Mais le cas n’est pas pour autant inédit. Puisque Georges Lautner nous avait offert dès 1962 l’un de ses meilleurs films : Le 7è Juré. Avec Bernard Blier dans le rôle principal. Avec une différence de taille néanmoins : dans le film de Lautner (qui n’avait rien d’une comédie, la Lautner touch audiardisée, celle du Monocle noir, ne s’était pas encore imposée à l’ensemble de son œuvre), ce n’est pas un accident qui vaut au personnage central d’avoir du sang sur les mains (et des états d’âme), mais bien un meurtre, consécutif qui plus est à une tentative de viol. Les raisons du double jeu du héros eastwoodien sont donc plus floues. Ce qui n’ôte rien au malaise, au flottement, à l’indécision qui guident le film. Nous suivons en parallèle l’avancée du procès, en nous intéressant au passage à la personnalité des différents jurés (qui conditionne leur vision du monde et par voie de conséquence leur opinion sur l’accusé), évident clin d’œil au génial Douze hommes en colère, de Sydney Lumet, et sans doute de façon moins volontaire à quelques-uns des films de la filière judiciaire de Cayatte. Et les fluctuations de l’humeur de notre homme…

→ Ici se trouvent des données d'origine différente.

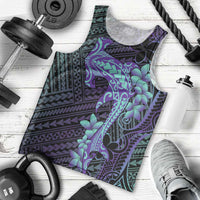 Purple Paradise Hawaii Men Tank Top Hammerhead Shark Tattoo Curve Polynesian - Polynesian Pride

Juré n°2 est sorti presque en catimini aux Etats-Unis. Pas de star à l’affiche, Clint Eastwood ne s’étant pas attribué de rôle. Et il n’est pas non plus l’un de ses films d’action qui cherchent à s’inscrire parmi les blockbusters du moment. En ces temps de manichéisme paroxystique au pays de l’Oncle Sam (l’élection présidentielle a lieu dans quelques jours), le film affiche même une modération et une subtilité sans doute peu commerciales, qui fait beaucoup de bien. Clint Eastwood a de tous temps beaucoup mis en avant la question de la culpabilité, qui bien entendu a vocation à être dissimulée, à l’instar de celle du président des Etats-Unis lui-même dans Les Pleins Pouvoirs. On se souvient aussi il y a peu de l’excellent Cas de Richard Jewell, retraçant l’histoire (vraie) de ce flic accusé (à tort) d’être le terroriste ayant fait exploser une bombe pendant les J. O. d’Atlanta. Juré n°2 est un peu à cet égard son reflet inversé puisque le (sans doute) coupable n’est pas suspecté une seconde. Jusqu’à la dernière image du film, qui reste en suspens… Juré n°2 n’est pas un film d’action, on l’a dit, ce n’est pas véritablement un film à suspense (en dépit de la publicité qui lui est faite), mais sa teneur est puissamment dostoïevskienne. Que celui qui est très longtemps resté scotché à l’image de l’Inspecteur Harry finisse (peut-être) sa carrière par un film sur le doute, l’indécision, la part floue des êtres ne fait que nous le rendre davantage sympathique. Et confirme qu’il est bien l’un des plus grands cinéastes américains de ces dernières décennies. A déguster sans modération…

Yves Alion

Juror #2. Film américain de Clint Eastwood (2024), avec Nicholas Hoult, Toni Collette, J. K. Simmons, Kiefer Sutherland. 1h54.